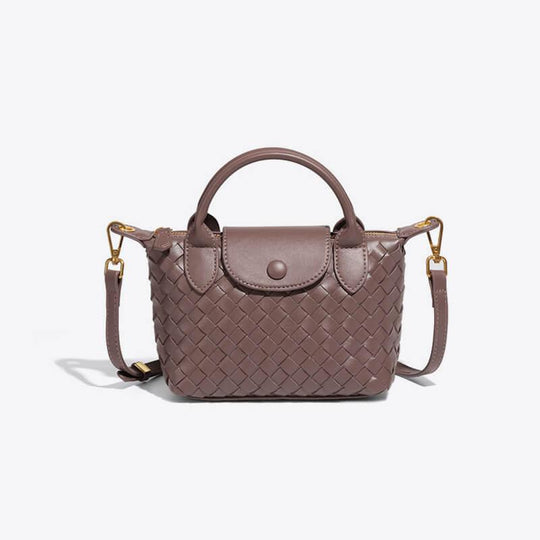 Mini Sac Tressé pour Femmes Élégant 14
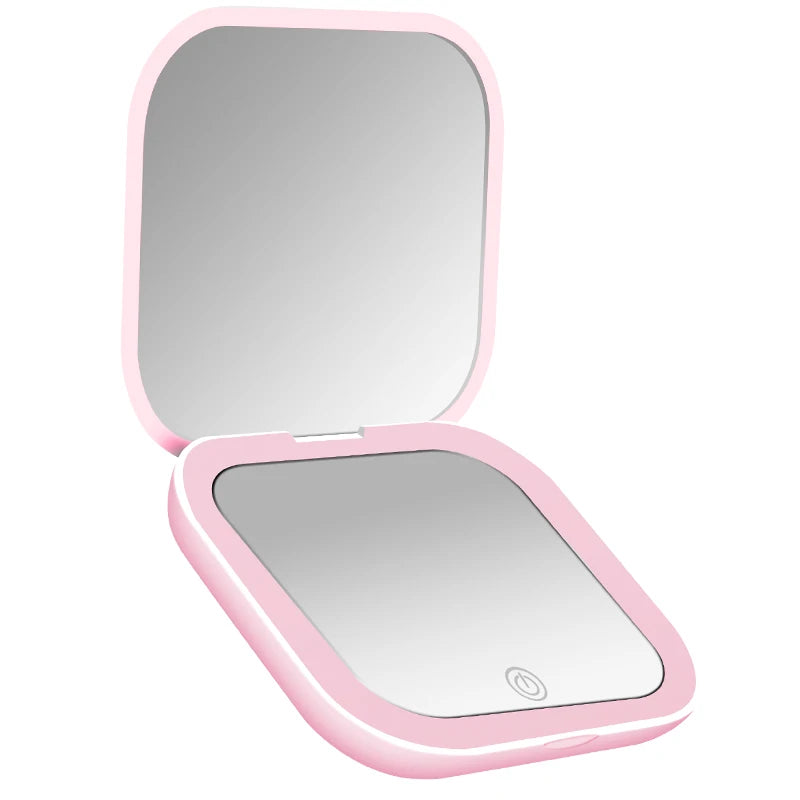 Portable Cosmetic Mirror with Lights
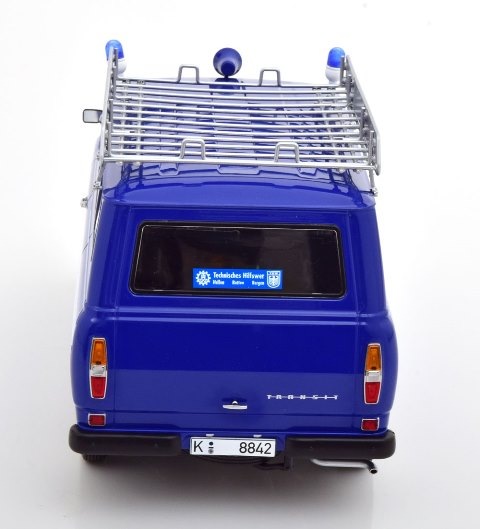  KKDC180468 KK scale 1/18 ե Transit Bus 1965-1970 THW Germany with roof rack, darkblue/white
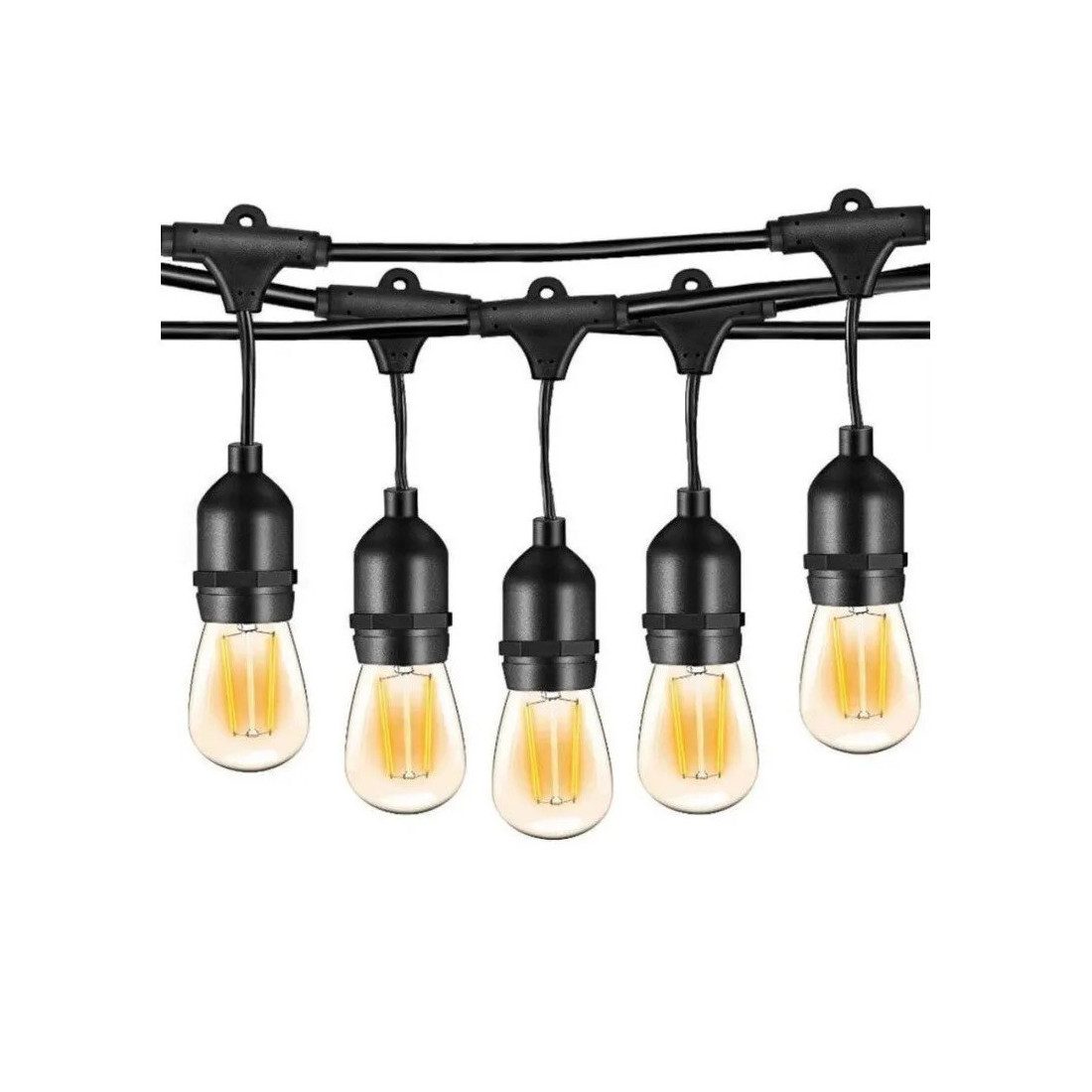 Ghirlanda Luminoasa, 10 Metri cu 10 Becuri, interconectabila, 2 filamente pe bec, 220V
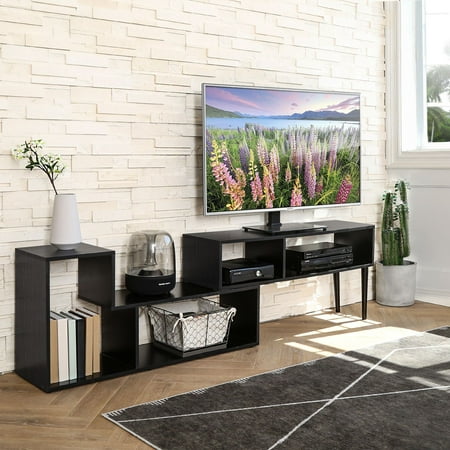 FITUEYES TV Stand, Entertainment Center,TV Console, Office Table Mid-Century Modern TV Stand for Flat Screen TV Cable Box Gaming Consoles, in Living Room Entertainment Room Office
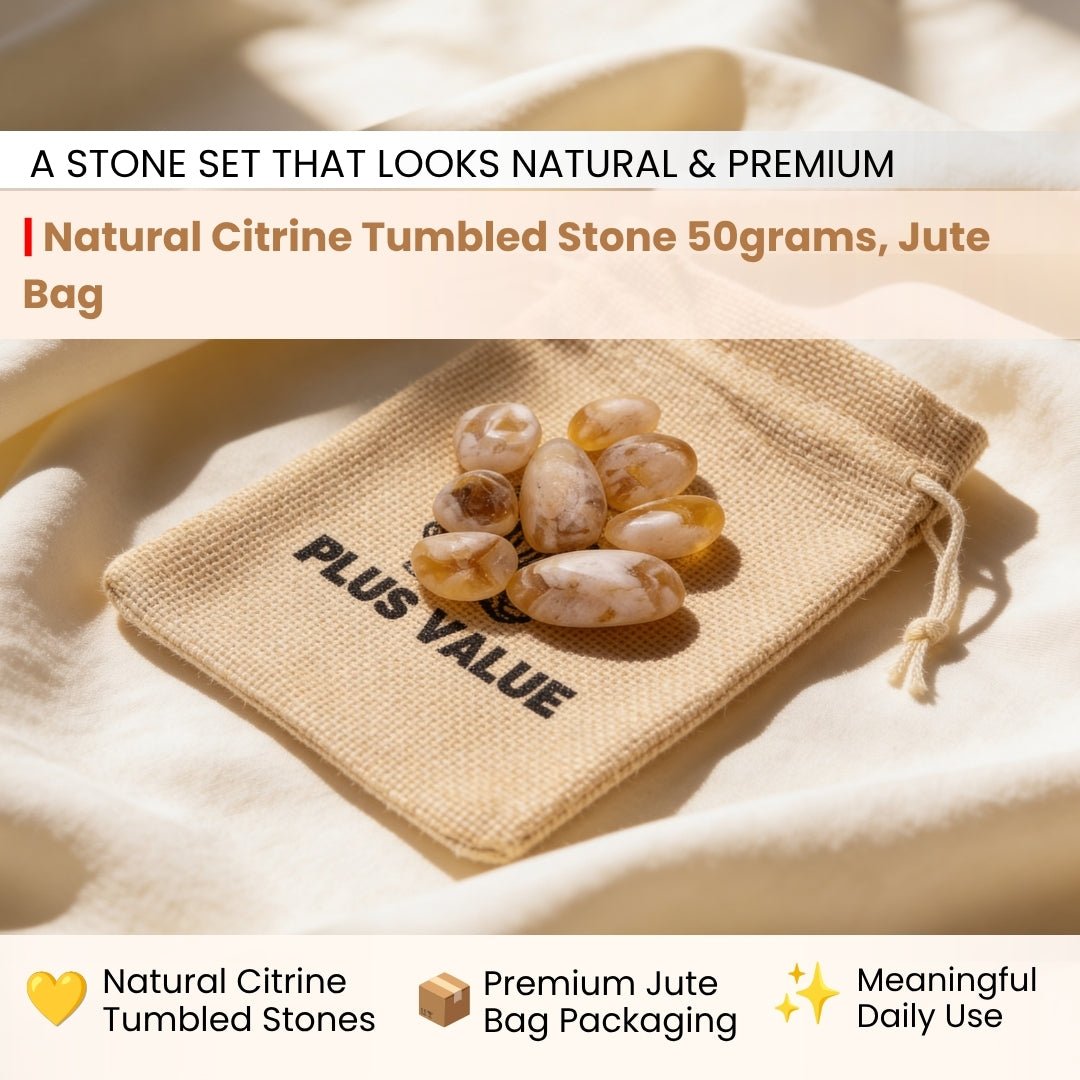Natural Citrine Tumbled Stone Pebbles [Financial Wealth Stone] - plusvalueindia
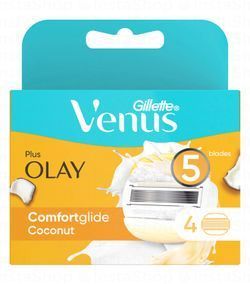 Gillette Venus Plus Olay Comfortglide 5 Blade Cartridges with Coconut Extract
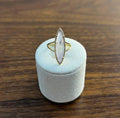 Marquis Light Violet Purple Amethyst Diamond Halo 14 Yellow Gold Statement Ring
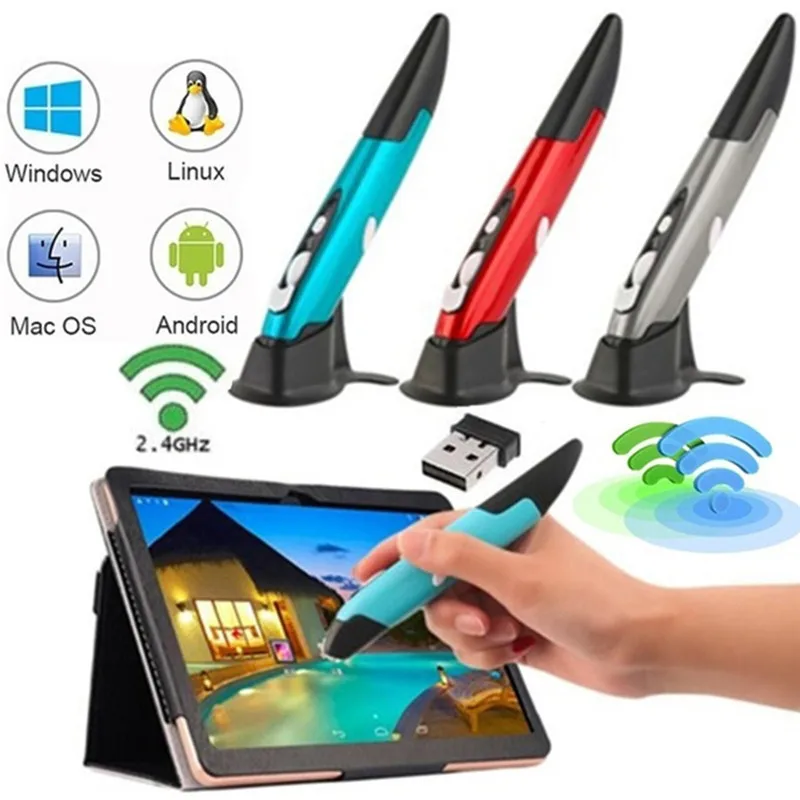 1set 2.4G Wireless Optical USB Pen Mouse Handwriting Smart Pen Mouse 1600 Adjustable DPI For PC Laptop Mac Android Tablet
1set 2.4G Wireless Optical USB Pen Mouse Handwriting Smart Pen Mouse 1600 Adjustable DPI For PC Laptop Mac Android Tablet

[Exercise instructions]:
Repeat verbatim the lines from the one with "Marquis Light Violet" through the end of the listing above. Include both ends, add nothing, and exclude the pictures.

[Task result]:
 Marquis Light Violet Purple Amethyst Diamond Halo 14 Yellow Gold Statement Ring
 1set 2.4G Wireless Optical USB Pen Mouse Handwriting Smart Pen Mouse 1600 Adjustable DPI For PC Laptop Mac Android Tablet
1set 2.4G Wireless Optical USB Pen Mouse Handwriting Smart Pen Mouse 1600 Adjustable DPI For PC Laptop Mac Android Tablet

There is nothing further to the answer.